L'ouvrage de Dominique Caubet n'est pas un livre ordinaire, et cela ne tient pas au fait que les témoins ne sont pas eux-mêmes des témoins ordinaires. D'autres aspects, plus essentiels, entrent en ligne de compte.

- Un moment clef
Ce recueil de témoignages intervient à un moment particulier, au regard de la création contemporaine dans les langues du Maghreb. Il peut en fait se lire comme le témoignage d'une émergence - reconnaissance non seulement des artistes interviewés, mais aussi - et surtout - de ces langues encore récemment interdites et méprisées (même si cette émergence-reconnaissance s'accompagne par ailleurs de problèmes bien connus, dans ce genre de situation, comme par exemple l'accès à l'écriture).

- Une intervention revendiquée
Le livre va en fait plus loin que cela et s'inscrit lui-même explicitement dans la perspective de l'intervention : il s'agit de " valoriser les langues du quotidien " (p. 13), d'agir sur les représentations et les pratiques, dans le sens de cette émergence-reconnaissance.

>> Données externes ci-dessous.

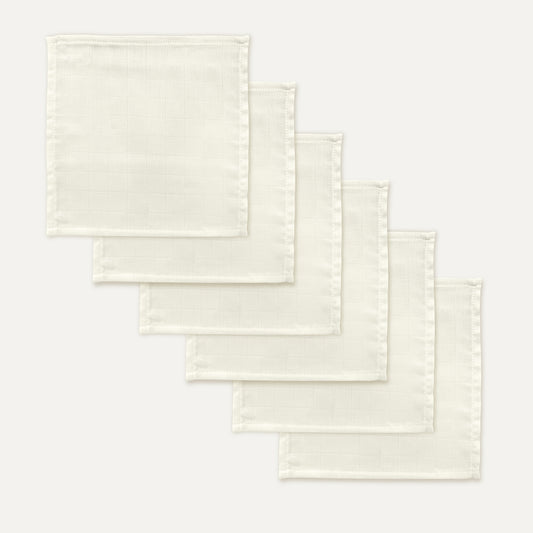 Bej 6'lı Ağız Bezi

- Une lecture à plusieurs niveaux
Les différentes parties du livre, qui ne se veut pas à destination d'un public averti (aussi bien au plan du terrain qu'en matière de sociolinguistique ou même des deux), parleront à tous. La force de cet ouvrage tient justement à ce que le discours scientifique du sociolinguiste de terrain est relégué au second plan, les discours, remarquablement convergents, de ces autres professionnels de la langue que sont les artistes, étant mis en avant et explicités si nécessaire.

- Un processus à l'œuvre
Malgré les quelques pages d'introduction et de conclusion, Dominique Caubet choisit de ne pas passer sous silence l'évolution d'un travail dont la dimension diachronique n'est pas négligeable (près de dix ans, il faut le rappeler) et dont les objectifs ont en conséquence évolué. Ainsi, par exemple, initialement centré sur le Maghreb, ce travail a finalement pris en compte également la situation en France (avec la perméabilité des parlers jeunes envers la darja, etc.).

 

De ce qui précède, et sous l'angle du sociolinguiste, faut-il en déduire que cet ouvrage n'a rien d'ordinaire parce qu'il ne se présente pas comme un ouvrage de sociolinguistique ? Ce serait dommage mais il est aussi dommage par ailleurs de ne pas assumer davantage le format " non académique " de cette recherche pleinement sociolinguistique.
Devant la richesse de ce livre, on peut formuler deux regrets.
Cela concerne d'abord l'absence de parallèle et de mises en perspective différenciatrices avec d'autres situations sociolinguistiques dites de contacts de langues (je pense par exemple aux situations africaines ou aux aires créolophones). De même la désignation par le chercheur de l'objet de recherche - la " création contemporaine " - aurait gagnée à être davantage mise en avant sur le plan méthodologique.
Ensuite cela touche à la simple évocation des nouvelles technologies, comme source de nouvelle donne sociolinguistique potentielle, allant vers plus de légitimation des langues minorées. Il est clair en effet que dans cette légitimation, les artistes ont un poids non négligeable, mais la population entière - et en particulier les plus jeunes générations - dans l'usage quotidien qui est fait de ces nouvelles technologies, sont à cet égard tout à fait déterminantes.
On peut répondre d'abord que ce regret d'une absence de parallèle, qui s'accompagne généralement d'une réflexion théorisante, est quelque peu antagoniste avec l'intérêt précédemment trouvé dans le format justement " non académique " du texte. Il faut donc faire un choix.
Ensuite, il faut espérer que les recherches récentes de Dominique Caubet sur les usages des nouvelles technologies au Maghreb donnent lieu à un second volume, dont le sous-titre pourrait reprendre pleinement ce segment de la " création contemporaine en langues maternelles ", qui correspond aussi, et même en premier lieu, à la réalité de tous ceux qui s'essaient à la communication électronique dans les langues du Maghreb, à partir d'un alphabet latin. Il y a là des créations plus ordinaires mais quotidiennes dans les langues du quotidien maghrébin.